Author: Zhewei Yao <https://github.com/yaozhewei>, Amir Gholami <http://amirgholami.org/>


This tutorial shows how to compute the Hessian information using (randomized) numerical linear algebra for both explicit Hessian (the matrix is given) as well as implicit Hessian (the matrix is ungiven).

We'll start by doing the necessary imports:

In [4]:
import numpy as np
import torch 
import copy
from torchvision import datasets, transforms
from utils import * # get the dataset
from pyhessian import hessian # Hessian computation
from density_plot import get_esd_plot # ESD plot
from pytorchcv.model_provider import get_model as ptcv_get_model # model

import matplotlib.pyplot as plt
%matplotlib inline

In [5]:
# enable cuda devices
import os
os.environ["CUDA_DEVICE_ORDER"]="PCI_BUS_ID"
os.environ["CUDA_VISIBLE_DEVICES"]="0"

# The following part shows how to use power iteration to get the top eigenvalue of a matrix without explicitly having access to it

## We first show an example with Numpy for a random matrix B

In [6]:
n = 10 # the matrix size

# generate the matrix
A = np.random.randn(n, n)
B = A @ A.T

Now let's use numpy to compute the ground truth eigenvalues. We will then check the results with this.

In [12]:
# use np.eigs to get the top eigenvalue of B
eigs, _ = np.linalg.eig(B)

print("The top eigenvalue of B is %.4f"%np.sort(eigs)[-1])

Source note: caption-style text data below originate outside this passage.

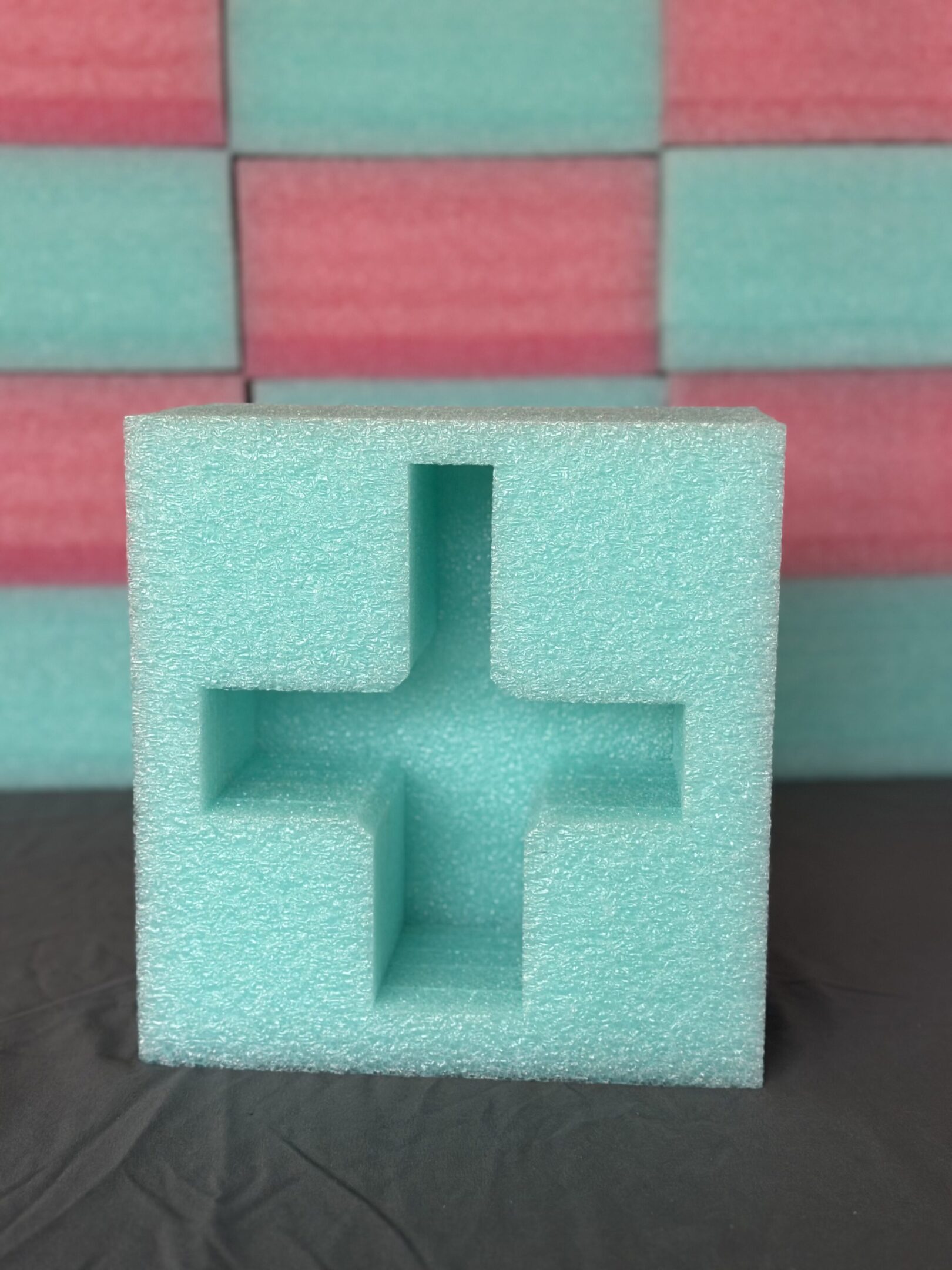 Light blue foam packaging with a cross-shaped cutout.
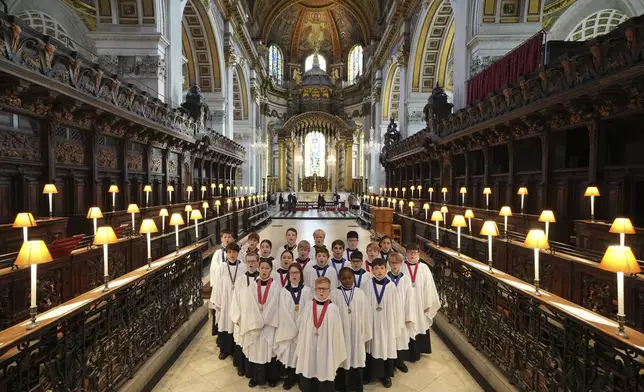 The Choristers of St Paul's choir, including girls for first time in 900-year history, rehearse for the Christmas services in St Paul's Cathedral, in London, Monday, Dec. 23 2024. (AP Photo/Kin Cheung)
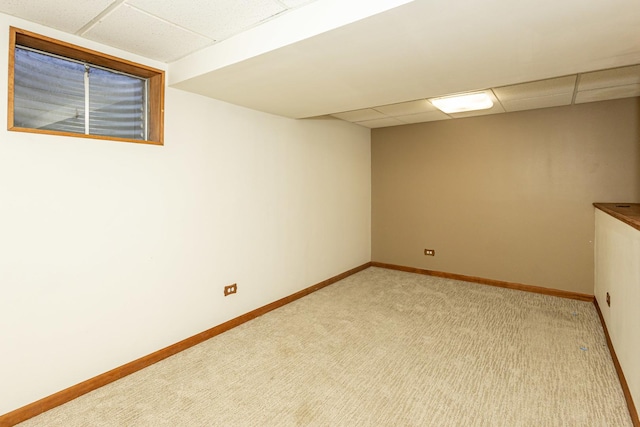 finished basement with a paneled ceiling, baseboards, and light carpet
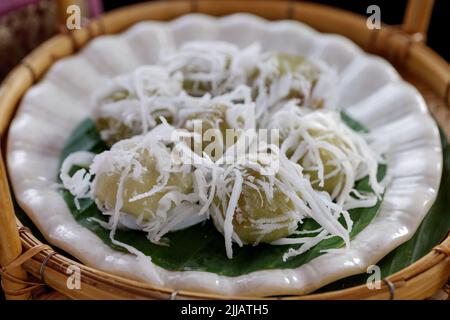 Palline di cocco thailandesi, Kha Nom Tom, su piatto bianco e cestino di rattan. Foto Stock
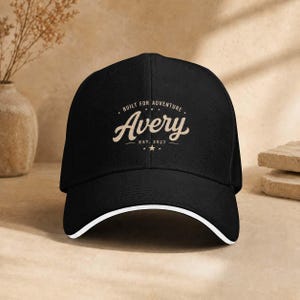 Könnte beinhalten: Eine schwarze Baseballkappe mit weißem Rand am Schirm. Die Vorderseite zeigt eine beige Grafik mit dem Text "BUILT FOR ADVENTURE", "Avery" und "EST. 2027", zentriert zwischen zwei kleinen Sternen und horizontalen Linien.
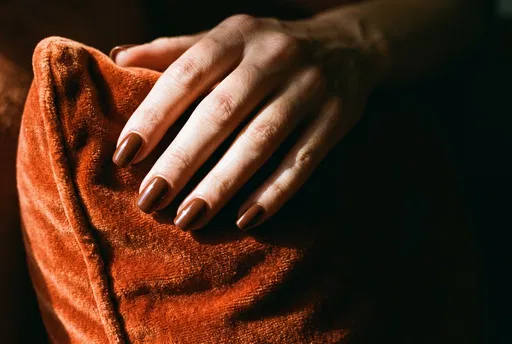 Hand With Glossy Chocolate Brown Nails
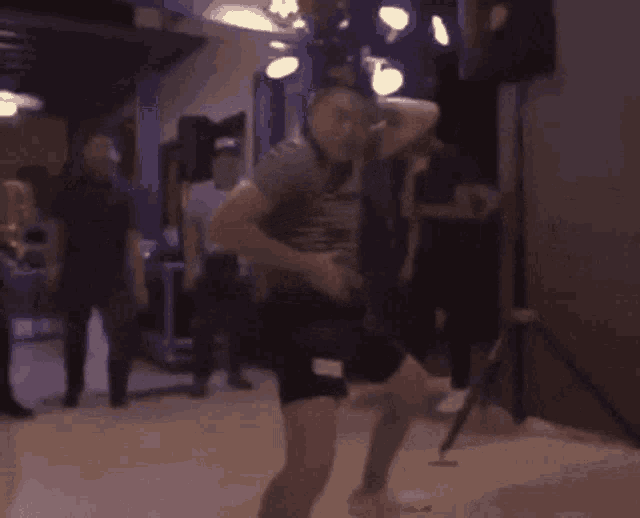 a blurry picture of a man dancing in a room with people standing around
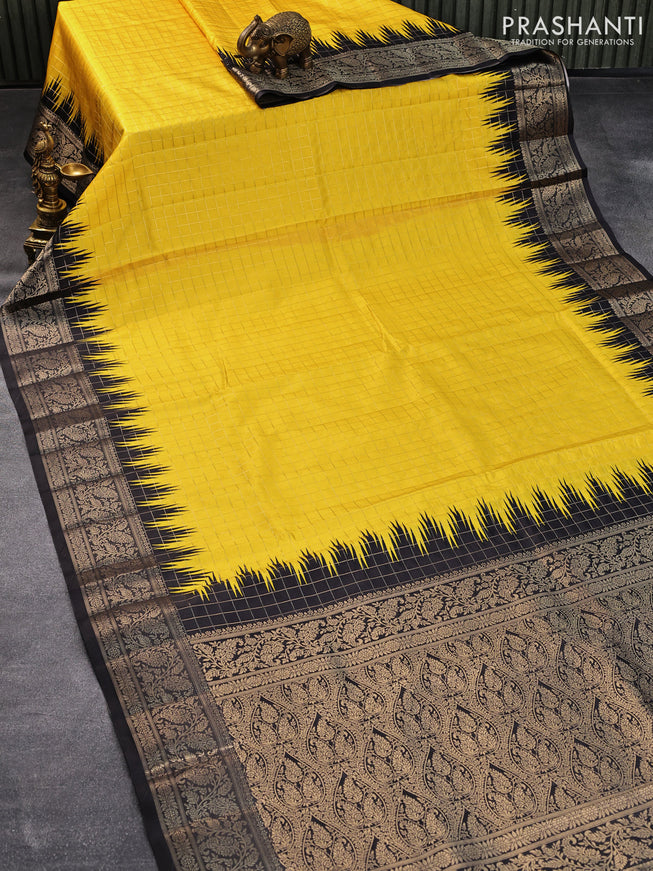 Semi raw silk saree yellow and black with allover zari checked pattern and temple design copper zari woven border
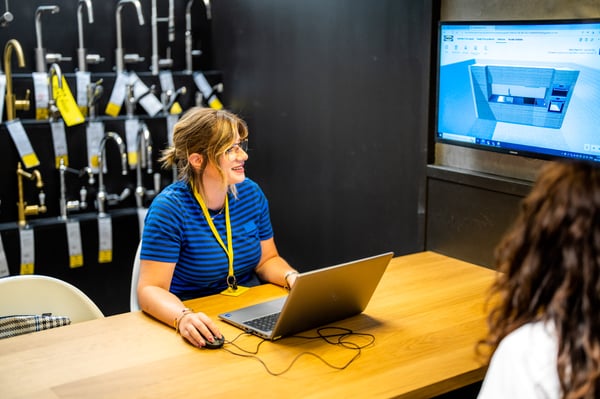 Ein IKEA-Mitarbeiter an einem Tisch mit einem Laptop, im Hintergrund sitzt eine Frau.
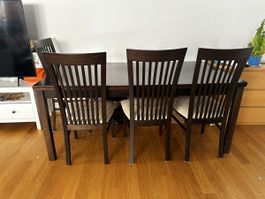 Dining table and 4 chairs dark wood used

The top eigenvalue of B is 23.9784


Now let's try to comptue the top eigenvalue of B without explicitly using. To do so, we will use a method called Power Iteration:

https://en.wikipedia.org/wiki/Power_iteration

The algorithm is very simple and efficiet to compute the top eigenvalue:
$$v_{i+1} = \frac{Bv_i}{\|Bv_i\|}.$$

As such, we only need to have access to the *application* of B to a given vector $v_i$ and not the matrix B itself. This application is commonly referred to as *matvec* in literature.

In [21]:
# use power iteration to get the top eigenvalue of B
v = np.random.randn(n, 1)

for i in range(40):
    v = v / np.linalg.norm(v)
    print("Step %2d current estimated top eigvalue: %.4f"%(i+1,v.T @ B @ v))
    v = B @ v


Step  1 current estimated top eigvalue: 16.6602
Step  2 current estimated top eigvalue: 22.1014
Step  3 current estimated top eigvalue: 23.3392
Step  4 current estimated top eigvalue: 23.7363
Step  5 current estimated top eigvalue: 23.8803
Step  6 current estimated top eigvalue: 23.9371
Step  7 current estimated top eigvalue: 23.9607
Step  8 current estimated top eigvalue: 23.9707
Step  9 current estimated top eigvalue: 23.9751
Step 10 current estimated top eigvalue: 23.9769
Step 11 current estimated top eigvalue: 23.9778
Step 12 current estimated top eigvalue: 23.9781
Step 13 current estimated top eigvalue: 23.9783
Step 14 current estimated top eigvalue: 23.9784
Step 15 current estimated top eigvalue: 23.9784
Step 16 current estimated top eigvalue: 23.9784
Step 17 current estimated top eigvalue: 23.9784
Step 18 current estimated top eigvalue: 23.9784
Step 19 current estimated top eigvalue: 23.9784
Step 20 current estimated top eigvalue: 23.9784
Step 21 current estimated top eigvalue: 

As you can see the result of the power iteration and the one we got from numpy match very well.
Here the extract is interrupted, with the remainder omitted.